Question: The total spin resulting from a \[{d^7}\] configuration is: A.1 B.2 C.\[\dfrac{5}{2}\] D.\[...

Question

The total spin resulting from a ${d^7}$ configuration is:
A.1
B.2
C. $\dfrac{5}{2}$
D. $\dfrac{3}{2}$

Answer 1

Solution

Each orbital in an atom is characterized by a unique set of values of the three quantum numbers n, $\ell$ , and m which respectively correspond to the electron's energy, angular momentum, the magnetic quantum number. Each such orbital can be occupied by a maximum of two electrons, each with its own spin quantum number ‘s’

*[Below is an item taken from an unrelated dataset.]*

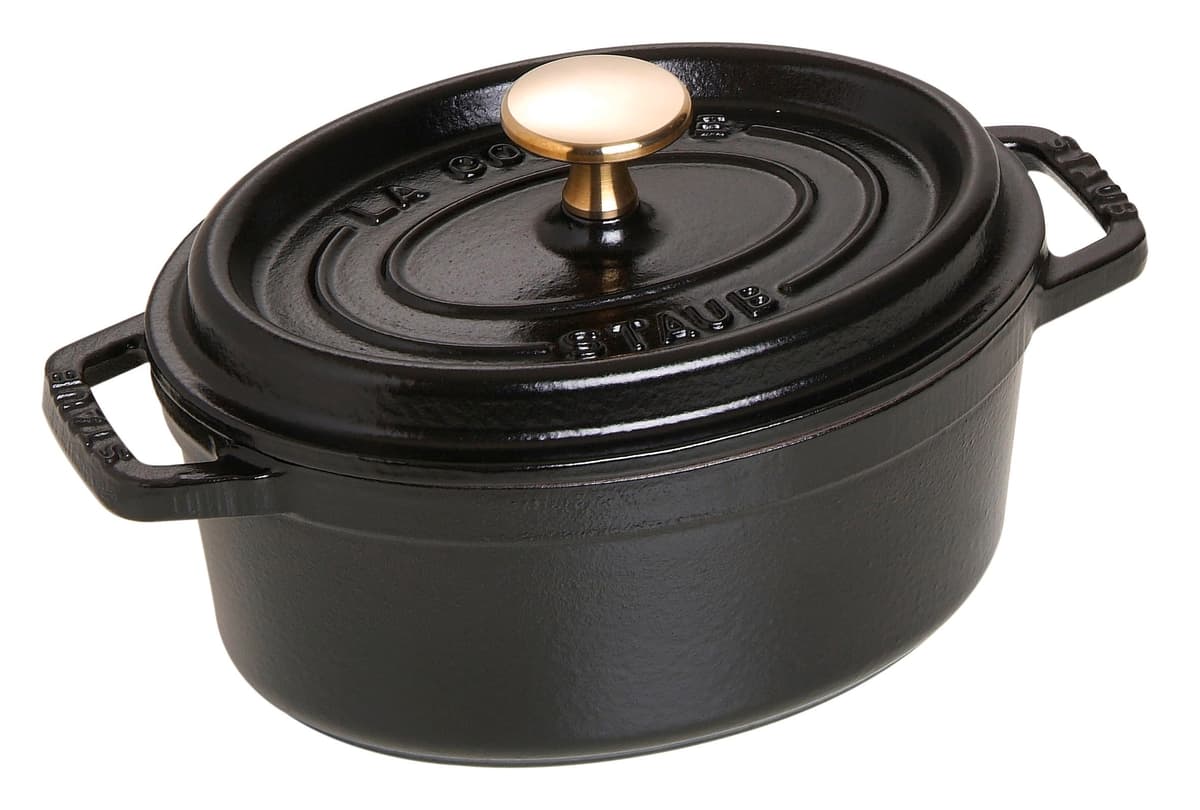 STAUB Cacerola/Cocotte de Hierro Fundido Ovalada, 17 cm, 1 L, Gris grafito — view 44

Complete Step-by-Step Answer:
Before we move forward with the solution of the given question, let us first understand some important basic concepts.
All atoms in their elemental state have electrons present in them. Now these electrons are revolving around the nucleus. The movement of these electrons around the nucleus was initially explained by a concept known as energy shells. This stated that only a certain number of electrons could revolve around the nucleus at fixed distances from the nucleus. These paths were defined as circular orbits and were referred to as energy shells. They were called energy shells because the potential energy possessed by the electrons varied from one shell to another. The smallest shell had the highest energy level while the largest shell had the lowest energy level.
Even after this model was explained, there were certain qualms about the determination of the orientation of these electrons. This issue was addressed by introducing the concept of atomic orbitals. Atomic orbitals can be understood as a mathematical function which describes the location and wave like behaviour of an electron in an atom. There are 4 main types of atomic orbitals: s, p, d, f. These orbitals have the maximum capacity of 2, 6, 10, 14 electrons, respectively. Electrons are filled in these orbitals based on Hund’s rule of maximum multiplicity.
Hence, for the given question, the ${d^7}$ orbital can be represented as:

$\uparrow \downarrow$	$\uparrow \downarrow$	$\uparrow$	$\uparrow$	$\uparrow$

Where each arrow represents an arrow represents an electron and the direction of the arrow represents the spin of the electron. The first four electrons cancel out the spin of each other. Hence, the total spin of ${d^7}$ comes from the lone electrons in the last 3 subshells. Since each electron corresponds to a spin of $\dfrac{1}{2}$ , we can say that
The total spin of ${d^7} = \dfrac{1}{2} + \dfrac{1}{2} + \dfrac{1}{2} = \dfrac{3}{2}$
Hence, Option D is the correct option

Note: Hund’s multiplicity rule states that a given subshell is singly occupied by only one electron before any one orbital is doubly occupied, and all electrons in the singly occupied orbitals have the same spin.